From the Mediterranean to Sweden, there seemed to be nudist beaches that were as popular as the adjoining clad ones. People even removed clothes on the banks of rivers and we saw a couple basking naked in a public park in the German city of Munich. No one seemed to mind.
Other than what the French call naturisme, our trip involved many cultural experiences. We indulged in art galleries, operas, mountain treks, food and even religion. And it was not long after we had left the Catholic shrine of Lourdes that we decided to head north to the Atlantic coast.
I had not heard from Dominique for 18 years but, because of the connection, Les Sables D'Olonne seemed a good spot to pitch our tent. Jill suggested looking her up.
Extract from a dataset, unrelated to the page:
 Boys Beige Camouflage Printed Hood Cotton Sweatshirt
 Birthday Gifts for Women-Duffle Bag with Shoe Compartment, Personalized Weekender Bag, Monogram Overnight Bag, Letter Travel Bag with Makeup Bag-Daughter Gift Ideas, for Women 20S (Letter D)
Her name was Pasquinelli, which is Corsican, and there was only one in the book. Her mother answered and yes Dominique had just come down from Paris a few days earlier with her husband and daughter. We were invited over the next night.
"Why did you stop writing?" she asked, throwing her arms around me.
"I got a girlfriend, sorry," I answered in French. Everyone laughed.
We hit it off immediately, also with her husband (named Dominique too) and her mother Marguerite. We named him Le Dominique and her La Dominique, so we could tell them apart.
They were quite impressed that we lived on the other side of the planet and could laugh at the same jokes. Much alcohol was drunk and, while La Dominique's English improved, our French deteriorated. Then at about 11pm Marguerite (who was about 70) suggested we all go out to a bar.
The next day we agreed to meet the two Dominiques and their eight-year-old daughter Caroline on the beach. When they tentatively suggested "la plage naturiste", we were able to laugh that we had already been there the day before.
The beach was packed, but we played beach tennis, swam, drank wine, talked and had a great time. We even took some photos in which we drunkenly tried to imitate the poses of some 19th century impressionist bathing paintings that, of course, had all been clothed. All except Caroline, who was quite happy to romp around in the buff except when it came to the photos.
When we got back to Australia we went up to Brisbane to see my parents. I told my mother I had finally caught up with the girl who I used to write to in France all those years ago.
"Did you take any photos of her?" she asked.
"Yes Mum."
But for some reason I never got around to showing them.